Exercise:
Repeat the data below exactly, with every entry included.

─── Source data

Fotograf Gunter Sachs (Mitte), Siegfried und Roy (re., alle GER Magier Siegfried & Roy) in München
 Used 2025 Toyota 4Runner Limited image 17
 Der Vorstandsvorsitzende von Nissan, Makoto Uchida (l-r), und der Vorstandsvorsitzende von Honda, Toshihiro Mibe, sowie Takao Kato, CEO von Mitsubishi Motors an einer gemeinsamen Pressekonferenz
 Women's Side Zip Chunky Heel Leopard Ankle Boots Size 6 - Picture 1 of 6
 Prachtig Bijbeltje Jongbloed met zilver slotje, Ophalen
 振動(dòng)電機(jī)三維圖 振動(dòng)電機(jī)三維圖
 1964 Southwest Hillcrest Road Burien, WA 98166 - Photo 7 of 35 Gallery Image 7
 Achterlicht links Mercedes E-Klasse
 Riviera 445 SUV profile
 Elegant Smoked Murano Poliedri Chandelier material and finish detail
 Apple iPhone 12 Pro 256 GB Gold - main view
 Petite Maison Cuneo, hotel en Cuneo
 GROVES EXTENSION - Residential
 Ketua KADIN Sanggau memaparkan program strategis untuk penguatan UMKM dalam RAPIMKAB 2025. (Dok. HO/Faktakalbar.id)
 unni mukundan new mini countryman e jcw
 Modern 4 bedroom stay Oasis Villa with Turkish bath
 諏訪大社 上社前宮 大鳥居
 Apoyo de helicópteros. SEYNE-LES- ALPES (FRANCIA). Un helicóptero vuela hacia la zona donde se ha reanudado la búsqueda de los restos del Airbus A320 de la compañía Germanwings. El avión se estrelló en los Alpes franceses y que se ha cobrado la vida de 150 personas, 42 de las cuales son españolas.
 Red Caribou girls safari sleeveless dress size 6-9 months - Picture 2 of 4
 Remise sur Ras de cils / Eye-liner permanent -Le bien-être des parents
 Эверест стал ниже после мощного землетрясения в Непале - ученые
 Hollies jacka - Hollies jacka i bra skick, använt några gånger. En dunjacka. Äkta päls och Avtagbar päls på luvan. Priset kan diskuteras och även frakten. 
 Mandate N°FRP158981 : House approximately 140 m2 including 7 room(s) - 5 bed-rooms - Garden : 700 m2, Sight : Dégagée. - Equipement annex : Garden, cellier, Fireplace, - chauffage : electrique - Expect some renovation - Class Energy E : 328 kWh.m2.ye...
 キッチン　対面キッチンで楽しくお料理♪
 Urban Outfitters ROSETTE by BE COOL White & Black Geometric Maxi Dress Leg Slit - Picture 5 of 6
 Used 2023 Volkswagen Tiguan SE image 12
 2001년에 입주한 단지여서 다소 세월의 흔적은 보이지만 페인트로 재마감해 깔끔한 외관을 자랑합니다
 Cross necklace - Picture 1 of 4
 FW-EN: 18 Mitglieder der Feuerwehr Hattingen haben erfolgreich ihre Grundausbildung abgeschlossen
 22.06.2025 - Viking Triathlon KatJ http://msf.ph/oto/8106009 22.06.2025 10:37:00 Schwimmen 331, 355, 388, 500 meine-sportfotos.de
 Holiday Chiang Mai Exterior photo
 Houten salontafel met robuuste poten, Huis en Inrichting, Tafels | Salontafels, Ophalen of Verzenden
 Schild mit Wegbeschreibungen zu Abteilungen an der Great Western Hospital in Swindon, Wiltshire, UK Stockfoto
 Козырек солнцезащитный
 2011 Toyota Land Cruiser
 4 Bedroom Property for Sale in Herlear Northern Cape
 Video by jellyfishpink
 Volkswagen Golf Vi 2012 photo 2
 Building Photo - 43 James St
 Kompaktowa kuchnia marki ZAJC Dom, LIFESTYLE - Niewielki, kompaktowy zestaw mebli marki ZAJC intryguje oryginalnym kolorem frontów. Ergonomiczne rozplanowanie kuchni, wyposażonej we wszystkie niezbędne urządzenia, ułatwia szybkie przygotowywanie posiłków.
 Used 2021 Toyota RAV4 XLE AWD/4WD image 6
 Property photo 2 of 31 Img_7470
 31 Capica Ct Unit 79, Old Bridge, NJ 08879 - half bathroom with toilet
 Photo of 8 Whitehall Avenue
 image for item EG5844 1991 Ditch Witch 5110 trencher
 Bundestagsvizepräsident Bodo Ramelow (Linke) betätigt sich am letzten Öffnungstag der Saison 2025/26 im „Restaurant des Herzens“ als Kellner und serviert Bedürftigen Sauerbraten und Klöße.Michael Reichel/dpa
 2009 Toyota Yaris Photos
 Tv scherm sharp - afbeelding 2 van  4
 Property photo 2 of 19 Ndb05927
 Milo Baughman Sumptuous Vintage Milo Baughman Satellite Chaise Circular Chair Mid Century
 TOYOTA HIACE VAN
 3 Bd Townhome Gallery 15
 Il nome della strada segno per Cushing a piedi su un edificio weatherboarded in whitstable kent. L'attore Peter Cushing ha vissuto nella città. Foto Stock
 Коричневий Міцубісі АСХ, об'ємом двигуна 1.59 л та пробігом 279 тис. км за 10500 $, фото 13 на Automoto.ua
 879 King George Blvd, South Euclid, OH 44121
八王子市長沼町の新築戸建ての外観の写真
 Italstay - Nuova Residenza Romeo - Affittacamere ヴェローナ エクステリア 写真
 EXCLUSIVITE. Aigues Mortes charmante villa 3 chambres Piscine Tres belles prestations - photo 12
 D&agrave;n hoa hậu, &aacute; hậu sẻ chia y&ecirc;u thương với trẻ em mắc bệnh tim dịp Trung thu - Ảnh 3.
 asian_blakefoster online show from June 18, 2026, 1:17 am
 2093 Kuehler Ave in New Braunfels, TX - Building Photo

──────

Exercise response:
Fotograf Gunter Sachs (Mitte), Siegfried und Roy (re., alle GER Magier Siegfried & Roy) in München
 Used 2025 Toyota 4Runner Limited image 17
 Der Vorstandsvorsitzende von Nissan, Makoto Uchida (l-r), und der Vorstandsvorsitzende von Honda, Toshihiro Mibe, sowie Takao Kato, CEO von Mitsubishi Motors an einer gemeinsamen Pressekonferenz
 Women's Side Zip Chunky Heel Leopard Ankle Boots Size 6 - Picture 1 of 6
 Prachtig Bijbeltje Jongbloed met zilver slotje, Ophalen
 振動(dòng)電機(jī)三維圖 振動(dòng)電機(jī)三維圖
 1964 Southwest Hillcrest Road Burien, WA 98166 - Photo 7 of 35 Gallery Image 7
 Achterlicht links Mercedes E-Klasse
 Riviera 445 SUV profile
 Elegant Smoked Murano Poliedri Chandelier material and finish detail
 Apple iPhone 12 Pro 256 GB Gold - main view
 Petite Maison Cuneo, hotel en Cuneo
 GROVES EXTENSION - Residential
 Ketua KADIN Sanggau memaparkan program strategis untuk penguatan UMKM dalam RAPIMKAB 2025. (Dok. HO/Faktakalbar.id)
 unni mukundan new mini countryman e jcw
 Modern 4 bedroom stay Oasis Villa with Turkish bath
 諏訪大社 上社前宮 大鳥居
 Apoyo de helicópteros. SEYNE-LES- ALPES (FRANCIA). Un helicóptero vuela hacia la zona donde se ha reanudado la búsqueda de los restos del Airbus A320 de la compañía Germanwings. El avión se estrelló en los Alpes franceses y que se ha cobrado la vida de 150 personas, 42 de las cuales son españolas.
 Red Caribou girls safari sleeveless dress size 6-9 months - Picture 2 of 4
 Remise sur Ras de cils / Eye-liner permanent -Le bien-être des parents
 Эверест стал ниже после мощного землетрясения в Непале - ученые
 Hollies jacka - Hollies jacka i bra skick, använt några gånger. En dunjacka. Äkta päls och Avtagbar päls på luvan. Priset kan diskuteras och även frakten. 
 Mandate N°FRP158981 : House approximately 140 m2 including 7 room(s) - 5 bed-rooms - Garden : 700 m2, Sight : Dégagée. - Equipement annex : Garden, cellier, Fireplace, - chauffage : electrique - Expect some renovation - Class Energy E : 328 kWh.m2.ye...
 キッチン　対面キッチンで楽しくお料理♪
 Urban Outfitters ROSETTE by BE COOL White & Black Geometric Maxi Dress Leg Slit - Picture 5 of 6
 Used 2023 Volkswagen Tiguan SE image 12
 2001년에 입주한 단지여서 다소 세월의 흔적은 보이지만 페인트로 재마감해 깔끔한 외관을 자랑합니다
 Cross necklace - Picture 1 of 4
 FW-EN: 18 Mitglieder der Feuerwehr Hattingen haben erfolgreich ihre Grundausbildung abgeschlossen
 22.06.2025 - Viking Triathlon KatJ http://msf.ph/oto/8106009 22.06.2025 10:37:00 Schwimmen 331, 355, 388, 500 meine-sportfotos.de
 Holiday Chiang Mai Exterior photo
 Houten salontafel met robuuste poten, Huis en Inrichting, Tafels | Salontafels, Ophalen of Verzenden
 Schild mit Wegbeschreibungen zu Abteilungen an der Great Western Hospital in Swindon, Wiltshire, UK Stockfoto
 Козырек солнцезащитный
 2011 Toyota Land Cruiser
 4 Bedroom Property for Sale in Herlear Northern Cape
 Video by jellyfishpink
 Volkswagen Golf Vi 2012 photo 2
 Building Photo - 43 James St
 Kompaktowa kuchnia marki ZAJC Dom, LIFESTYLE - Niewielki, kompaktowy zestaw mebli marki ZAJC intryguje oryginalnym kolorem frontów. Ergonomiczne rozplanowanie kuchni, wyposażonej we wszystkie niezbędne urządzenia, ułatwia szybkie przygotowywanie posiłków.
 Used 2021 Toyota RAV4 XLE AWD/4WD image 6
 Property photo 2 of 31 Img_7470
 31 Capica Ct Unit 79, Old Bridge, NJ 08879 - half bathroom with toilet
 Photo of 8 Whitehall Avenue
 image for item EG5844 1991 Ditch Witch 5110 trencher
 Bundestagsvizepräsident Bodo Ramelow (Linke) betätigt sich am letzten Öffnungstag der Saison 2025/26 im „Restaurant des Herzens“ als Kellner und serviert Bedürftigen Sauerbraten und Klöße.Michael Reichel/dpa
 2009 Toyota Yaris Photos
 Tv scherm sharp - afbeelding 2 van  4
 Property photo 2 of 19 Ndb05927
 Milo Baughman Sumptuous Vintage Milo Baughman Satellite Chaise Circular Chair Mid Century
 TOYOTA HIACE VAN
 3 Bd Townhome Gallery 15
 Il nome della strada segno per Cushing a piedi su un edificio weatherboarded in whitstable kent. L'attore Peter Cushing ha vissuto nella città. Foto Stock
 Коричневий Міцубісі АСХ, об'ємом двигуна 1.59 л та пробігом 279 тис. км за 10500 $, фото 13 на Automoto.ua
 879 King George Blvd, South Euclid, OH 44121
八王子市長沼町の新築戸建ての外観の写真
 Italstay - Nuova Residenza Romeo - Affittacamere ヴェローナ エクステリア 写真
 EXCLUSIVITE. Aigues Mortes charmante villa 3 chambres Piscine Tres belles prestations - photo 12
 D&agrave;n hoa hậu, &aacute; hậu sẻ chia y&ecirc;u thương với trẻ em mắc bệnh tim dịp Trung thu - Ảnh 3.
 asian_blakefoster online show from June 18, 2026, 1:17 am
 2093 Kuehler Ave in New Braunfels, TX - Building Photo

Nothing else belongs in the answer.